The functions in this section compute the remainder on division of two
floating-point numbers.  Each is a little different; pick the one that
suits your problem.

@comment math.h
@comment ISO
@deftypefun double fmod (double @var{numerator}, double @var{denominator})
@comment math.h
@comment ISO
@deftypefunx float fmodf (float @var{numerator}, float @var{denominator})
@comment math.h
@comment ISO
@deftypefunx {long double} fmodl (long double @var{numerator}, long double @var{denominator})
These functions compute the remainder from the division of
@var{numerator} by @var{denominator}.  Specifically, the return value is
@code{@var{numerator} - @w{@var{n} * @var{denominator}}}, where @var{n}
is the quotient of @var{numerator} divided by @var{denominator}, rounded
towards zero to an integer.  Thus, @w{@code{fmod (6.5, 2.3)}} returns
@code{1.9}, which is @code{6.5} minus @code{4.6}.

The result has the same sign as the @var{numerator} and has magnitude
less than the magnitude of the @var{denominator}.

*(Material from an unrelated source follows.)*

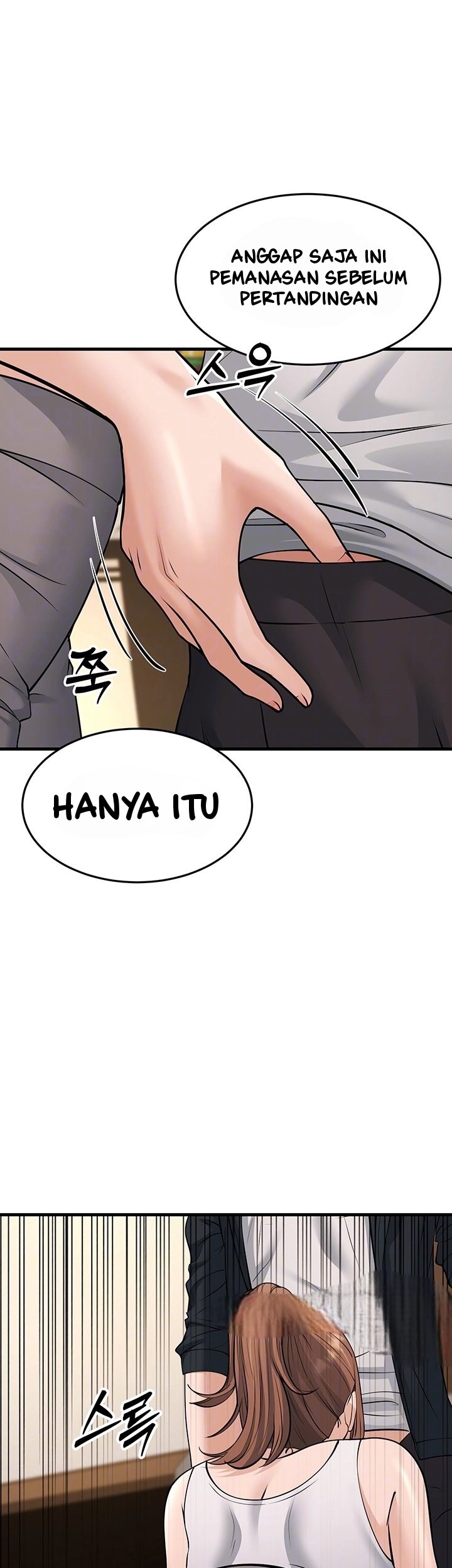 image-komik-a-young-auntie-chapter-21-6/57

If @var{denominator} is zero, @code{fmod} signals a domain error.
@end deftypefun

@comment math.h
@comment BSD
@deftypefun double drem (double @var{numerator}, double @var{denominator})
@comment math.h
@comment BSD
@deftypefunx float dremf (float @var{numerator}, float @var{denominator})
@comment math.h
@comment BSD
@deftypefunx {long double} dreml (long double @var{numerator}, long double @var{denominator})
These functions are like @code{fmod} except that they rounds the
internal quotient @var{n} to the nearest integer instead of towards zero
to an integer.  For example, @code{drem (6.5, 2.3)} returns @code{-0.4},
which is @code{6.5} minus @code{6.9}.

The absolute value of the result is less than or equal to half the
absolute value of the @var{denominator}.  The difference between
@code{fmod (@var{numerator}, @var{denominator})} and @code{drem
(@var{numerator}, @var{denominator})} is always either
@var{denominator}, minus @var{denominator}, or zero.

If @var{denominator} is zero, @code{drem} signals a domain error.
@end deftypefun

@comment math.h
@comment BSD
@deftypefun double remainder (double @var{numerator}, double @var{denominator})
@comment math.h
@comment BSD
@deftypefunx float remainderf (float @var{numerator}, float @var{denominator})
@comment math.h
@comment BSD
@deftypefunx {long double} remainderl (long double @var{numerator}, long double @var{denominator})
This function is another name for @code{drem}.
@end deftypefun

@node FP Bit Twiddling
@subsection Setting and modifying single bits of FP values
@cindex FP arithmetic

There are some operations that are too complicated or expensive to
perform by hand on floating-point numbers.  @w{ISO C 9x} defines
functions to do these operations, which mostly involve changing single
bits.

@comment math.h
@comment ISO
@deftypefun double copysign (double @var{x}, double @var{y})
@comment math.h
@comment ISO
@deftypefunx float copysignf (float @var{x}, float @var{y})
@comment math.h
@comment ISO
@deftypefunx {long double} copysignl (long double @var{x}, long double @var{y})
These functions return @var{x} but with the sign of @var{y}.  They work
even if @var{x} or @var{y} are NaN or zero.  Both of these can carry a
sign (although not all implementations support it) and this is one of
the few operations that can tell the difference.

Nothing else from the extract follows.